Daha önceki cücenin oturduğu yerde.
“Burada neler oluyor? Daha önce o cücenin şeytan kelimesinden bahsettiğini duydum ve senin burada olduğunu görünce, burada bir şeyler oluyormuş gibi görünüyor.”
“Haa, sen keskinsin.”
,” dedi Wayland bardağı yere koyarken.
Şu anda, ben, birkaç kişiyle birlikte, cücelerle eser ticareti konusunda bazı diplomatik görüşmeler yapmak için cüce diyarına gönderildim.”
Omuzlarını silkerek Waylan alaycı bir şekilde gülümsedi.
“Maalesef yanlış zamanda geldik.”
“Yanlış zaman mı?”
Kaşlarım örülüyor.
Biradan bir yudum alan Waylan bardağını kaldırdı ve dedi.
“Mhm, çünkü şu anda cüceler iblislerle savaş halinde.”

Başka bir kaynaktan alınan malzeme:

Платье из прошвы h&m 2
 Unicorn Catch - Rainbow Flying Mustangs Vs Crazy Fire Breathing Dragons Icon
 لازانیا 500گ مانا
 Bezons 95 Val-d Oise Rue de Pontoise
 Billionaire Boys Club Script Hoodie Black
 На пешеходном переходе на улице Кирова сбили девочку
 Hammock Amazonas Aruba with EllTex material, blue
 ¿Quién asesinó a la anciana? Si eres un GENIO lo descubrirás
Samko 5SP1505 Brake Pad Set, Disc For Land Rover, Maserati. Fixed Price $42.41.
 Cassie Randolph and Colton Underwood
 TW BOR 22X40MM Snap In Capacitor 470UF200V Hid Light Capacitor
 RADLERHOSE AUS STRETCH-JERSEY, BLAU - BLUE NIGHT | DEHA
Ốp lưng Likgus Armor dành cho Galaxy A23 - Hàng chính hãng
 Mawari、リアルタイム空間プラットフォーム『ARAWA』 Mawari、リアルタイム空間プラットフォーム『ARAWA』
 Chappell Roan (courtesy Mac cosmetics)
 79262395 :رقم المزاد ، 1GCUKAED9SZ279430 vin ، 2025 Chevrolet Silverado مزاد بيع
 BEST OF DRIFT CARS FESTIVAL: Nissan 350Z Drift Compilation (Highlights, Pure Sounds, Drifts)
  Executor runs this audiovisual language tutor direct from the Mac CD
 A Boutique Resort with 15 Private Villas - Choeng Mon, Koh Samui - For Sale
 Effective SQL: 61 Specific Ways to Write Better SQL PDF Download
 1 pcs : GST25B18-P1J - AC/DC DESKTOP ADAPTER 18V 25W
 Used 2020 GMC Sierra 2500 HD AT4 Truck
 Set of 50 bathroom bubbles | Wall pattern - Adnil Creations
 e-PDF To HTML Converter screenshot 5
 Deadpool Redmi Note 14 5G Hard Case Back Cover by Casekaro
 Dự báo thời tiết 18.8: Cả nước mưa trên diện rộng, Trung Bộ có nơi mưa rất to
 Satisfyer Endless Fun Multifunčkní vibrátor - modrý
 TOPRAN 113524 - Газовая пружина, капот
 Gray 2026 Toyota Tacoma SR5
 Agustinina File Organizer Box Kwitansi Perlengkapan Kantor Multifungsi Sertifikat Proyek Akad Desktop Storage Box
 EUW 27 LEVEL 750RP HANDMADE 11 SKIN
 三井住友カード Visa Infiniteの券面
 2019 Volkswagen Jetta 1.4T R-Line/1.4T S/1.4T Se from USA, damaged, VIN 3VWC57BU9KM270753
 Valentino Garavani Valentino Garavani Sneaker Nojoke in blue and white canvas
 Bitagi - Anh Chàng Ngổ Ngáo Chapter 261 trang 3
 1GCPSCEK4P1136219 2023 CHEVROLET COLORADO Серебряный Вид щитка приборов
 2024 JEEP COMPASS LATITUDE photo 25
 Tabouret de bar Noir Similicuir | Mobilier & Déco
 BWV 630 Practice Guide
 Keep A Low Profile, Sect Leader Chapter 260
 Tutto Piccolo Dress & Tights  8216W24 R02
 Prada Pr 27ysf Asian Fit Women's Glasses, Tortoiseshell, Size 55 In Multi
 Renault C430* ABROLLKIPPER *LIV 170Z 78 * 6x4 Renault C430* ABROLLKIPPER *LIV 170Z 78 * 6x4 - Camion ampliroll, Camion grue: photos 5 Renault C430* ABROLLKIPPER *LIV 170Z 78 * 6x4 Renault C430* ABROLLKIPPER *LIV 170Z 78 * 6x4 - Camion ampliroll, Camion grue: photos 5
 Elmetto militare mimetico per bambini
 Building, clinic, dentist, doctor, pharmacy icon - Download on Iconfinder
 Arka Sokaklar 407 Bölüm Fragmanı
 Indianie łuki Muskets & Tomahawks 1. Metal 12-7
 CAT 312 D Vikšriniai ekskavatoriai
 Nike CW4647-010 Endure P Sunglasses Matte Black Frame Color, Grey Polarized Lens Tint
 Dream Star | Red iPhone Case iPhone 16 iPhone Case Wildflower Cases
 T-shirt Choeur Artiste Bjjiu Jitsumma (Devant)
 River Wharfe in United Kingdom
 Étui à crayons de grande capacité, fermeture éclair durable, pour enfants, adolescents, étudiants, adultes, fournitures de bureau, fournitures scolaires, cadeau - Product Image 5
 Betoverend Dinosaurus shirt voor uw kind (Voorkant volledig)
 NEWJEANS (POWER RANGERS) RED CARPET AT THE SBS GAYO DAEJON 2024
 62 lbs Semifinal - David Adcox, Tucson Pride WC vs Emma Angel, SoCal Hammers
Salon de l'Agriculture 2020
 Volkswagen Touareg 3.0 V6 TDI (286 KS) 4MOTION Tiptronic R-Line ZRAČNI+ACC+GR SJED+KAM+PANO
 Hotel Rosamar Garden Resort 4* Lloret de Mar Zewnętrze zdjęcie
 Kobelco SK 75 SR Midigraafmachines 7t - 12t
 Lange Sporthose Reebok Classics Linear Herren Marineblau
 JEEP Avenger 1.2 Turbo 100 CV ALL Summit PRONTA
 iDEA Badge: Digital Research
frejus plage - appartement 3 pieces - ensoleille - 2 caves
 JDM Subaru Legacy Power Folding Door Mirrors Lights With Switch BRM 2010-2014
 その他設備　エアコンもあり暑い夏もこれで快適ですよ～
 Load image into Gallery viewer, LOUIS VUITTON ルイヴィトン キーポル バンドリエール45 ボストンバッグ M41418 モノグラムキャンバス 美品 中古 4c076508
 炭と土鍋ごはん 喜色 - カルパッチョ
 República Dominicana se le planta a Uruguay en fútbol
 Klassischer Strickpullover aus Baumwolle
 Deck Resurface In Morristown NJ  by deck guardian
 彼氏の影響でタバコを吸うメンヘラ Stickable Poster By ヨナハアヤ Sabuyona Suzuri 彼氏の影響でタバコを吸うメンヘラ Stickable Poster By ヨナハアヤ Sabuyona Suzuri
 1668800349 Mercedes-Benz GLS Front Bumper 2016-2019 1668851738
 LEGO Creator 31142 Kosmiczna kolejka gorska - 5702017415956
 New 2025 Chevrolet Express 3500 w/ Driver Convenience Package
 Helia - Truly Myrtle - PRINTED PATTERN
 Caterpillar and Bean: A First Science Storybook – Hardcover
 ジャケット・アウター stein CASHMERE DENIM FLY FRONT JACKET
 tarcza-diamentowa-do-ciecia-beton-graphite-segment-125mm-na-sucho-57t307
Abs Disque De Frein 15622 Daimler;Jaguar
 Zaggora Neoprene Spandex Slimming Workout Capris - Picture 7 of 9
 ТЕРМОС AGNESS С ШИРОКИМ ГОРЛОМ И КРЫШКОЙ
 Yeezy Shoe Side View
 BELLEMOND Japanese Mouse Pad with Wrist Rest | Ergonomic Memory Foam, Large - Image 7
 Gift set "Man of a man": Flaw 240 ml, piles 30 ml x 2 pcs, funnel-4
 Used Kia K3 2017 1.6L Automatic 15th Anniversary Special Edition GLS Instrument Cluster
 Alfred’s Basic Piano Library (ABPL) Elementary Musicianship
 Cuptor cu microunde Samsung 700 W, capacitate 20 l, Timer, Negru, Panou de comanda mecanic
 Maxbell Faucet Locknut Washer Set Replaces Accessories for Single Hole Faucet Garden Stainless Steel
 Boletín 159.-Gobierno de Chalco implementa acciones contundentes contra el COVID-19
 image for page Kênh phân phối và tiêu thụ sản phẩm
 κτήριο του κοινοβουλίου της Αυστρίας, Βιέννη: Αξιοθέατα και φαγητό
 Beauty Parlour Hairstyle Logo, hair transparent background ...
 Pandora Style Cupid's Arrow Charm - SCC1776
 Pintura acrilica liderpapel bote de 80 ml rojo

“Savaş mı?” Gözlerim kocaman açıldı. Sonra iki elimle masanın üzerine eğildim ve acilen sordum. “Bana cücelerin şu anda iblislerle savaş halinde olduğunu mu söylüyorsun?”
“Aslında, aslında, hala erken aşamalarda.”
Sağına soluna bakarak fısıldadı.
“Ayrıca, onlarla iyi bir diplomatik ilişki kurmak için geride kalmaktan ve onlara yardım etmekten başka seçeneğimiz yok. Büyük olasılıkla siz de savaşa sürükleneceksiniz.”
“Kahretsin…”
Koltuğuma yaslanıp alnıma masaj yaparken, büyük bir baş ağrısının geldiğini hissettim.
Eğer Waylan’ın dediği doğruysa, o zaman gerçekten savaşın içine sürüklenebilirdim.
İstediğim için değil, ayrıldığımda aynı anda binlerce iblisle karşı karşıya kalacağım için.
Kötü zamanlama hakkında konuşun.
Başımı kaldırdığımda, birdenbire konuşmanın küçük bir kısmını hatırladım.
“Bir dakika, az önce biz mi dediniz? Biz derken neyi kastediyorsunuz?”
Kayıtsızca birasından bir yudum alırken, Waylan’ın yüzünde eğlenmiş bir gülümseme belirdi.
“Doğru, Kilit’ten olduğunu söylemiştin, değil mi?”
“Doğru.”
İçeceği yere koyup ağzındaki köpüğü çırpan Waylan ağzını açtı ve dedi.
“Bu harika değil mi? Okul müdürünüz de burada.”